### PROVIDED INFORMATION
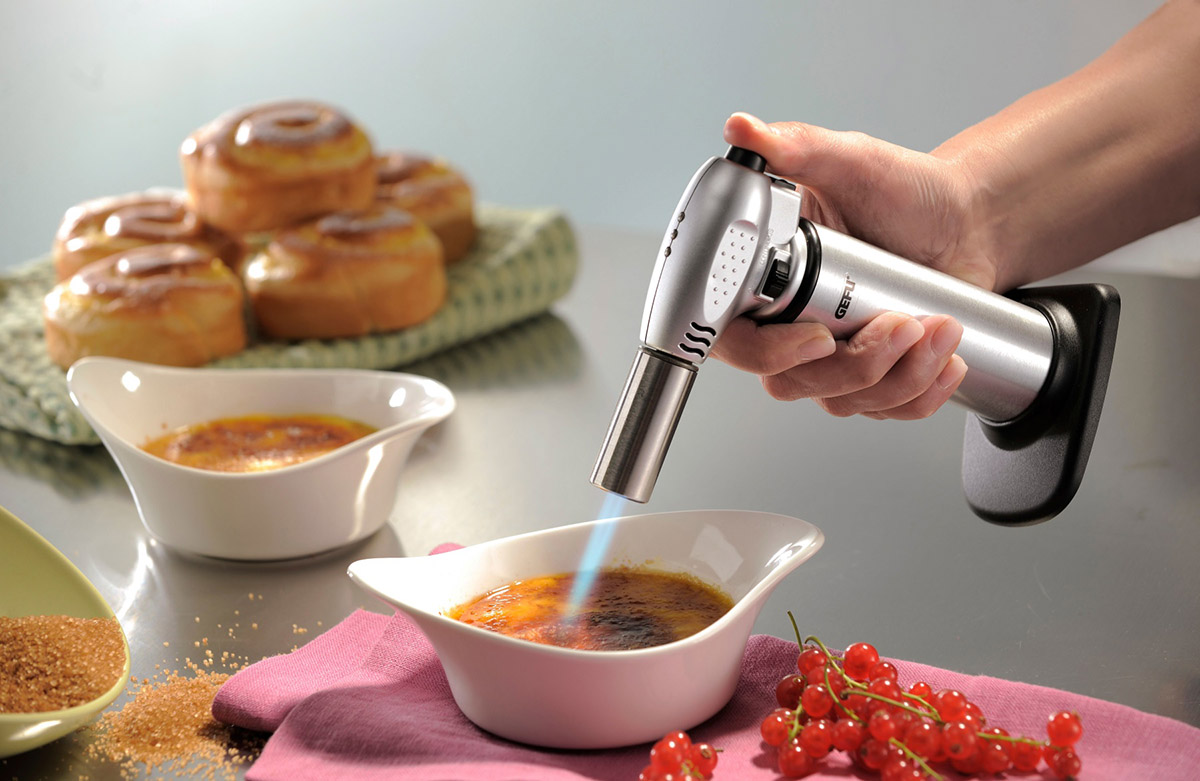 Eine Hand hält eine Küchenfackel, um Zucker auf Crème brûlée zu karamellisieren.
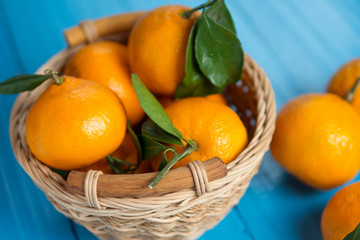 Tangerines in a wicker basket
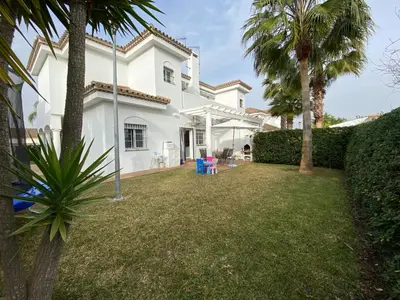 a white house with a yard with palm trees at Casa Rosa in Chiclana de la Frontera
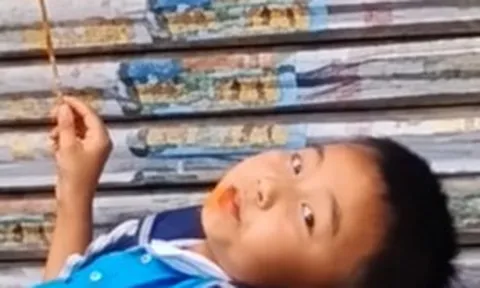 Mẹ đến đón muộn, cậu bé thản nhiên nằm trên bậc thềm ăn đồ ăn: Dân mạng bật cười vì quá chill!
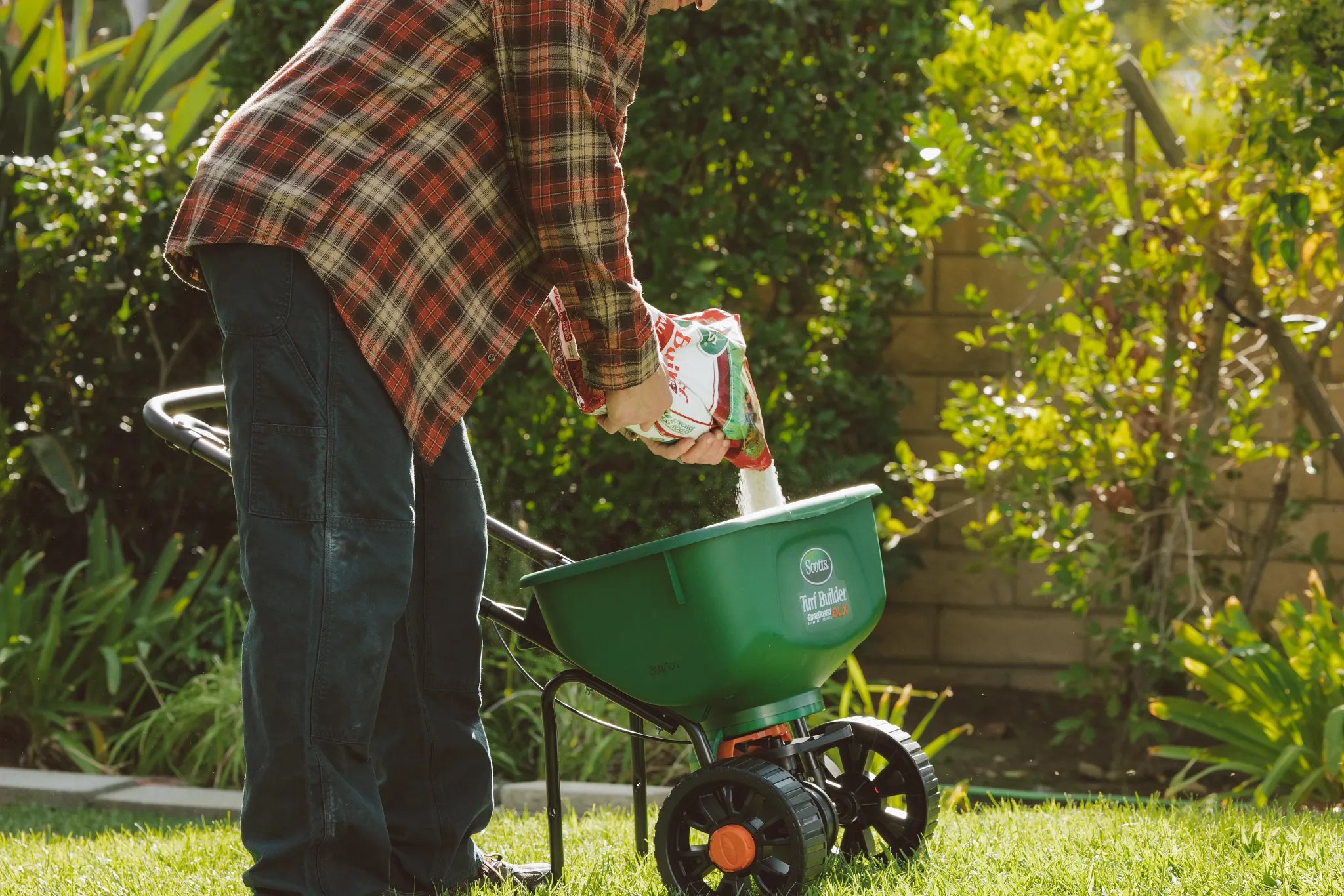 A person in a plaid shirt pours lawn care product from a bag into a green broadcast spreader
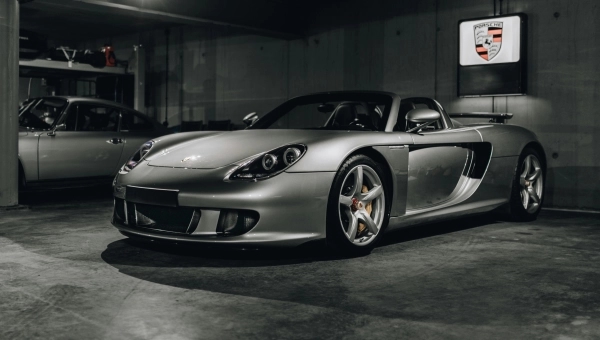 Porsche Carrera GT parkiran u garaži sa fokusom na prednji deo i prepoznatljiva prednja svetla ispod Porsche amblema na zidu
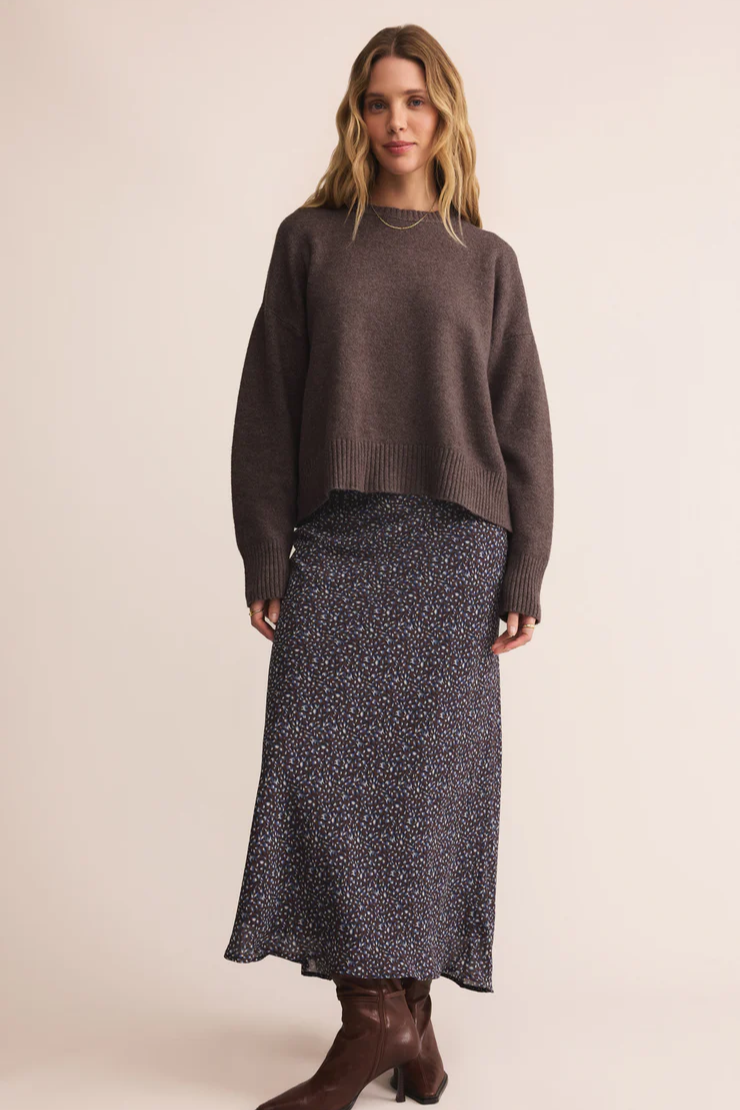 Woman wearing a brown sweater and patterned skirt on a beige background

### TASK TO COMPLETE
The response is the full listing, copied exactly, with the pictures omitted.

### SOLUTION TO THE EXERCISE
 Eine Hand hält eine Küchenfackel, um Zucker auf Crème brûlée zu karamellisieren.
 Tangerines in a wicker basket
 a white house with a yard with palm trees at Casa Rosa in Chiclana de la Frontera
 Mẹ đến đón muộn, cậu bé thản nhiên nằm trên bậc thềm ăn đồ ăn: Dân mạng bật cười vì quá chill!
 A person in a plaid shirt pours lawn care product from a bag into a green broadcast spreader
 Porsche Carrera GT parkiran u garaži sa fokusom na prednji deo i prepoznatljiva prednja svetla ispod Porsche amblema na zidu
 Woman wearing a brown sweater and patterned skirt on a beige background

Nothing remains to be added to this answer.